NASA plans a return to a decades-old tradition of developing and flying experimental aircraft projects, or “X-planes”, in order to achieve new breakthroughs in supersonic and subsonic aeronautics research under the Fiscal 2017 budget proposal submitted to Congress on 9 February.
The budget request reveals a 23% leap in funding for NASA’s aeronautics research division, rising from $640 million in Fiscal 2016 to $790 million next year. The agency also released a 10-year outlook with aeronautics funding peaking at $1.3 billion Fiscal 2023, when possibly two planned X-planes are scheduled to be operating.
“It felt like Christmas in January,” says Jaiwon Shin, NASA’s associate administrator for aeronautics research, recalling the moment when the agency’s final request was confirmed.
The funding levels still track well below the $2 billion annual sums once allocated to NASA’s aeronautics branch through the 1980s, but are still roughly double the average spending enacted over the last decade.
X-planes are usually associated with US military projects, but NASA and its predecessor agency have a long history of achieving aeronautic breakthroughs in the air, especially from the late 1940s to the early 1950s, with such projects as the supersonic Bell X-1 and the hypersonic North American X-15.
In more recent decades, NASA has diverted its research mainly to the laboratory and the wind tunnel, while maintaining a small fleet of research aircraft, including the miniature-scale Boeing X-48 hybrid wing body.

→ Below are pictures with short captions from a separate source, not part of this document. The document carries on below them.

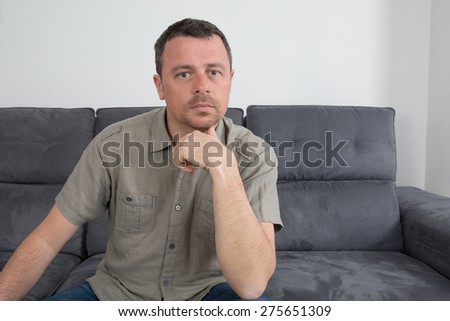 Relaxed  man sitting on sofa in the house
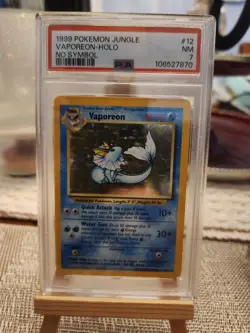 Vaporeon No Symbol Error Jungle Holo 12/64 Pokemon Card Misprint PSA 7 NM - Image 1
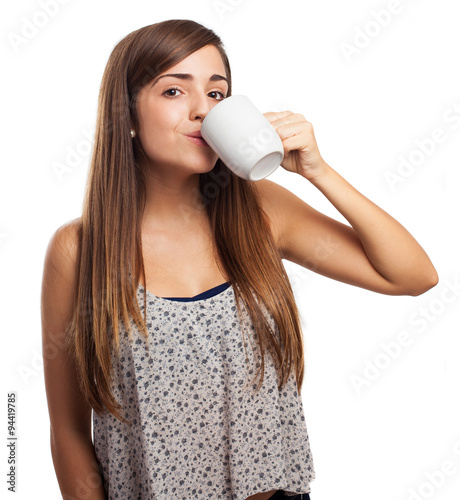 young woman holding a mug isolated on white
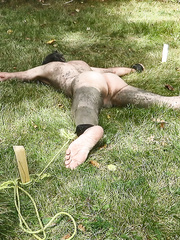 Spread eagle tied outdoors
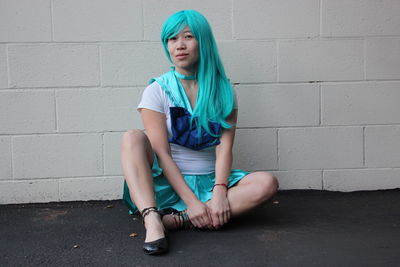 Portrait of woman with blue hair sitting on road against wall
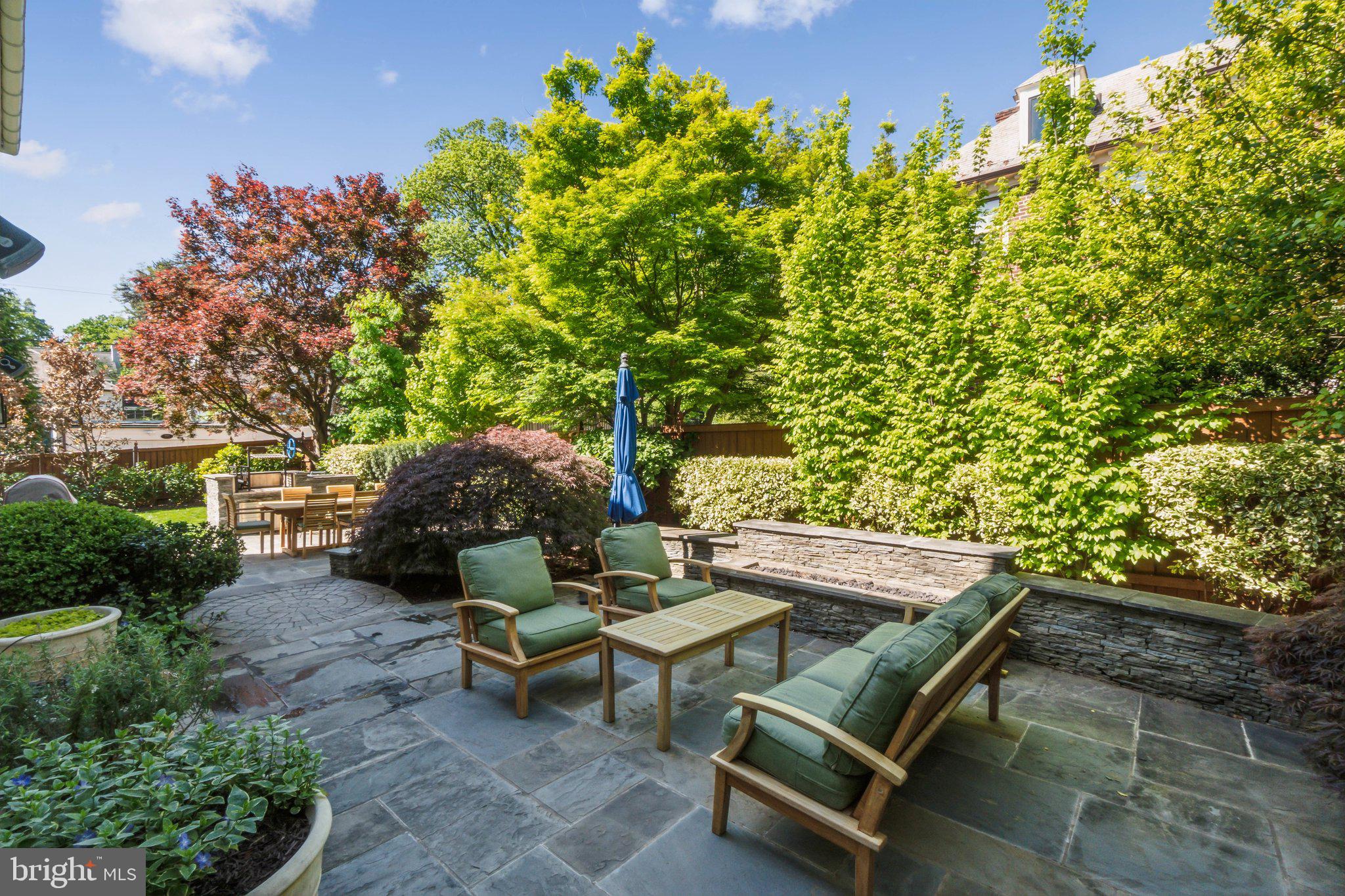 3626 Brandywine Street Northwest Washington, DC 20008 - Photo 38 of 42 a backyard of a house with table and chairs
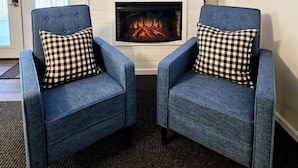 A room with two blue armchairs with checkered pillows, a flat-screen TV above a fireplace, and a door with a window to the left.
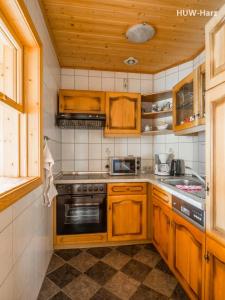 ヴェルニゲローデにあるFerienwohnung An der Malzmühleのキッチン(木製キャビネット、コンロ付)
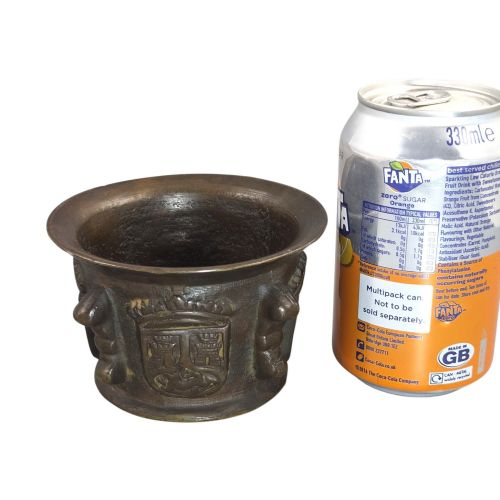 fig 4. A heavy 17th-century cast bronze apothecary mortar featuring raised heraldic coat of arms motifs and side lugs around a flared rim.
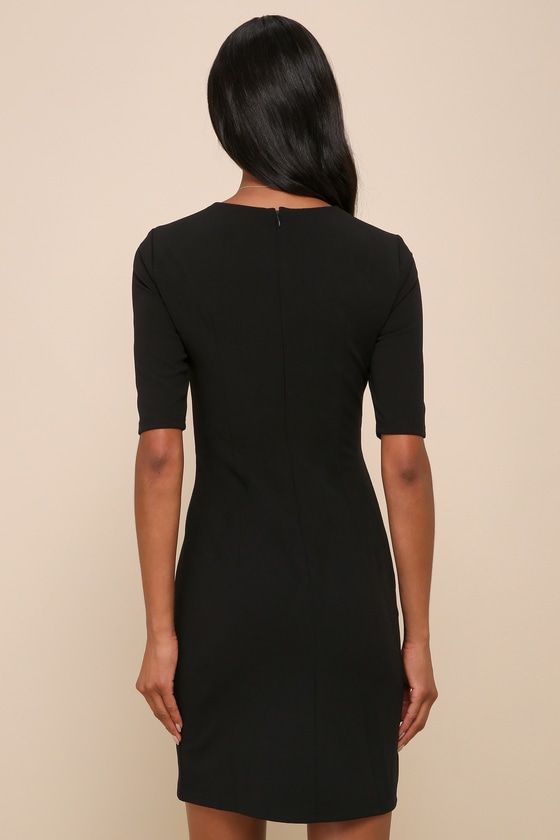 Sass and class come together perfectly with the Lulus Westwood Black Half Sleeve Sheath Dress! Ponte knit shapes this perfect-for-work dress with half sleeves, crew neckline, and princess-seamed bodice. Fitted waist tops a flattering sheath skirt with front pleats and overlapping hem. Hidden back zipper/clasp. Fit: This garment fits true to size. Length: Mid-thigh. Size medium measures 36.5" from shoulder to hem. Bust: Great for any cup size. Waist: Fitted - stretchy fabric allows custom fit. Hi Elegant Fitted Mini Dress With Half Sleeves, Formal Fitted Mini Dress With Half Sleeves, Formal Fitted Mini Dress With 3/4 Sleeves, Fitted Half Sleeve Mini Dress For Evening, Fitted Mini Dress With Half Sleeve For Evening, Fitted Short Sleeve Crew Neck Dress, Fitted Crew Neck Short Sleeve Dress, Short Sleeve Dresses With Flattering Cut For Work, Fitted Crew Neck Mini Dress For Work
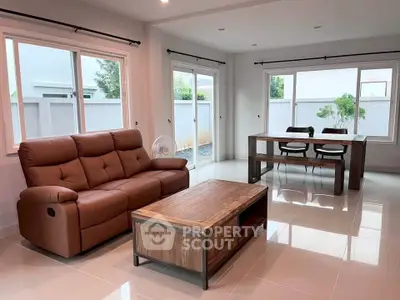 Spacious living room with modern furniture and large windows offering natural light.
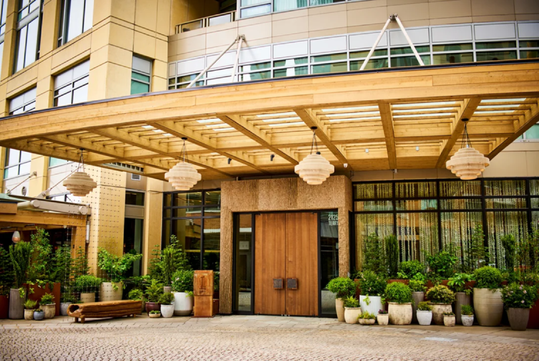 The entrance of a modern building featuring large double wooden doors, hanging lights, a wooden pergola, and potted plants arranged along the entryway.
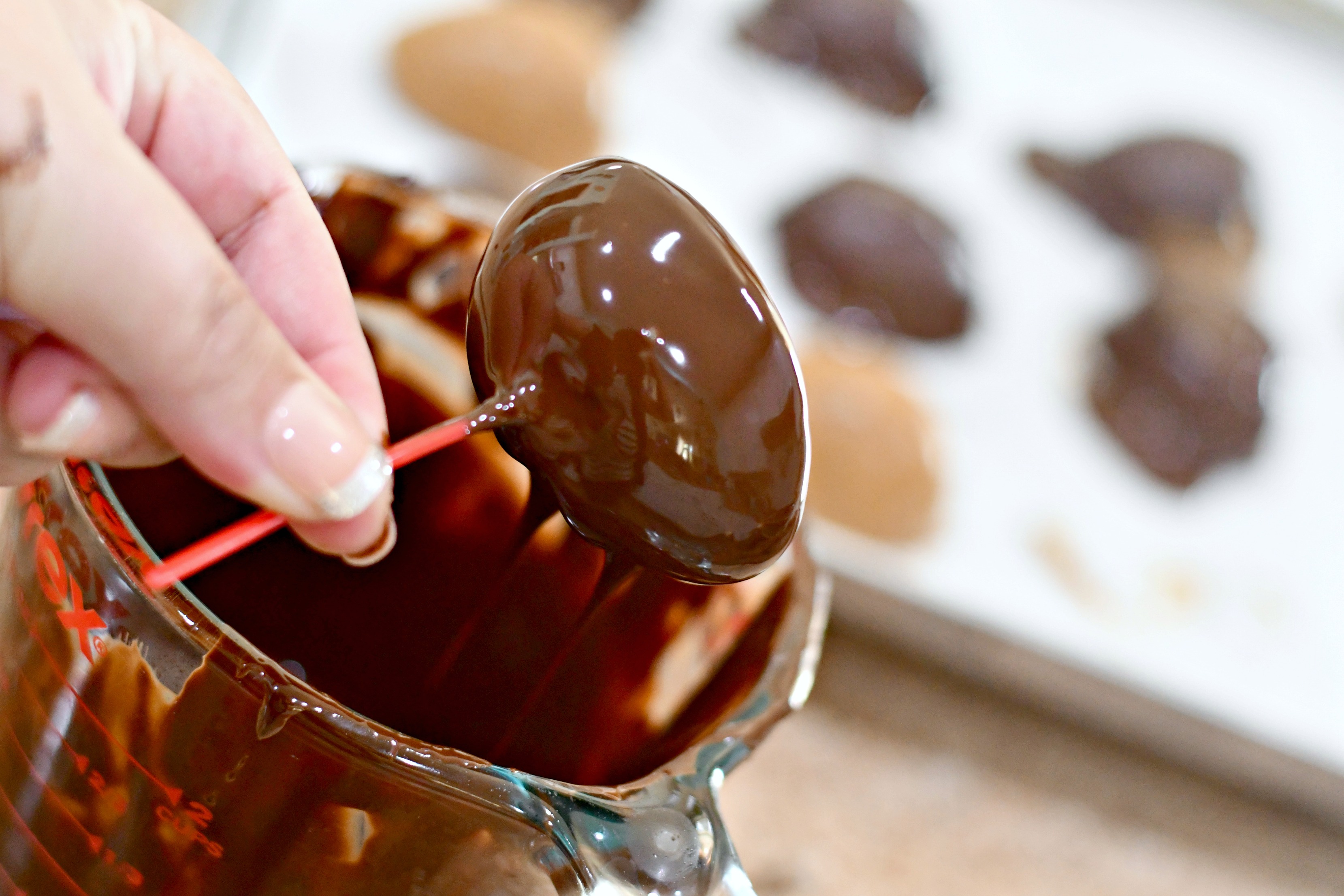 dipping keto almond butter eggs in chocolate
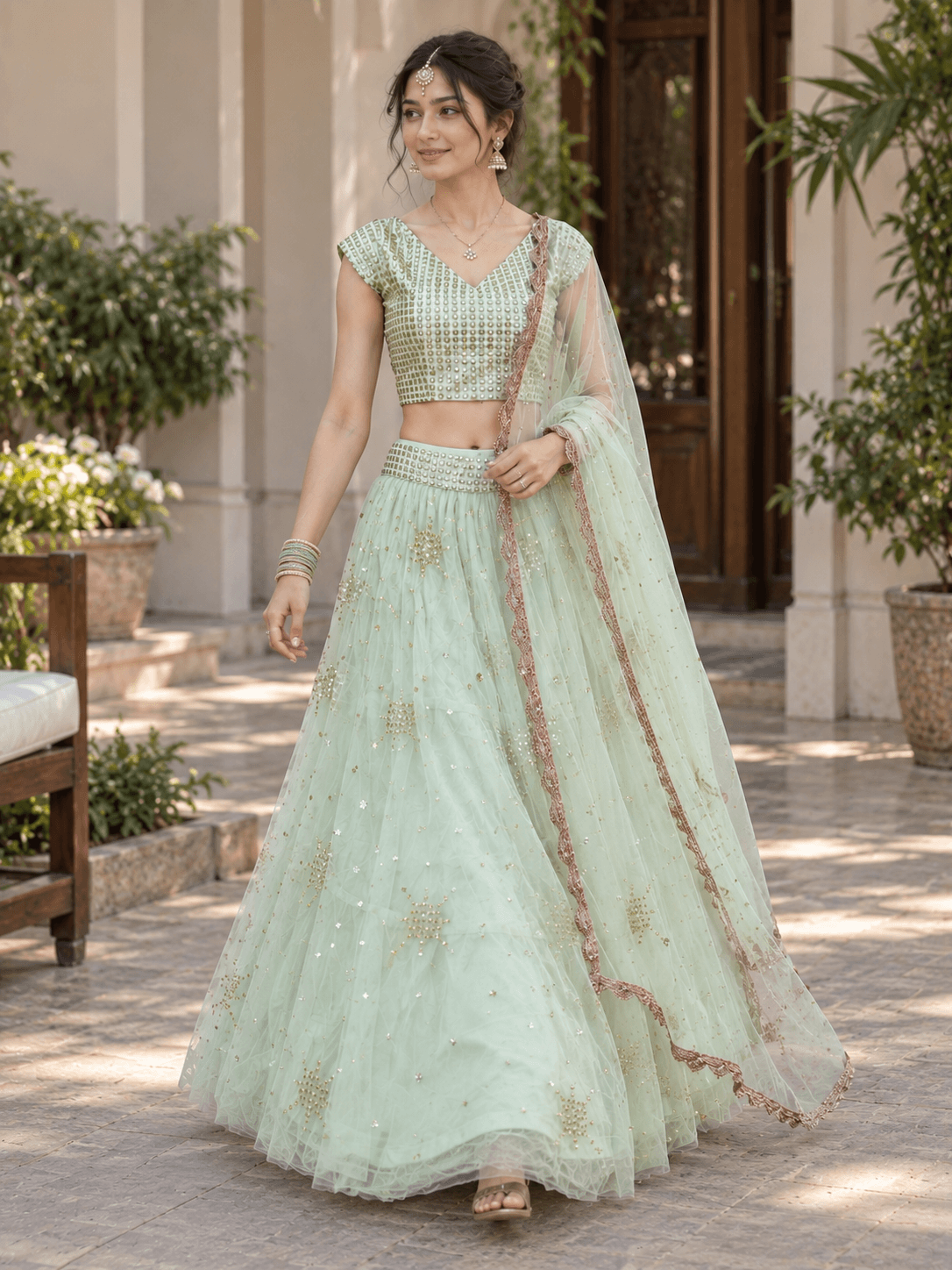 Front view of pastel green flared lehenga skirt featuring allover sequin floral motifs and embellished waistband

But Shin has been pushing for a decade to revive the agency’s X-plane tradition. Shin played a key role in developing the first presidential policy for aeronautics research and development, which encouraged the use of X-planes to validate laboratory and wind tunnel findings in the air.
“We have been doing a lot of groundwork to get to this point,” Shin says.
Rendering of Boeing's concept aircraft. Courtesy NASA.
As early as 2012, NASA appeared poised to soon launch a hybrid wing body X-plane programme, capping a five-year investment in laboratory work and subscale flight research as part of the environmentally responsible aviation (ERA) project. But the X-plane was shelved in the 2013 budget request after agency officials decided several key technologies, including a new method for building non-circular, pressurized composite structures, remained premature.
In the meantime, NASA’s high-speed research office recently completed a series of studies showing that technology available today should be able to muffle the sonic boom produced by a supersonic aircraft, thus potentially allowing civil aircraft to fly overland above Mach 1.0.
NASA will develop a preliminary design for a supersonic X-plane in Fiscal 2016, then launch a competition next year to develop and build the low-boon supersonic demonstrator (LBSD). Flight tests could begin as early as 2021.
NASA also will launch in Fiscal 2017 a preliminary design for a hybrid wing body, subsonic demonstrator. But the hybrid wing body will compete with two other concepts – a horizontally-aligned double-bubble airframe and a truss-braced wing – to be developed as NASA’s next subsonic X-plane.
The budget also includes funding to develop other research demonstrators, including sub-scaled aircraft powered by hybrid-electric propulsion systems.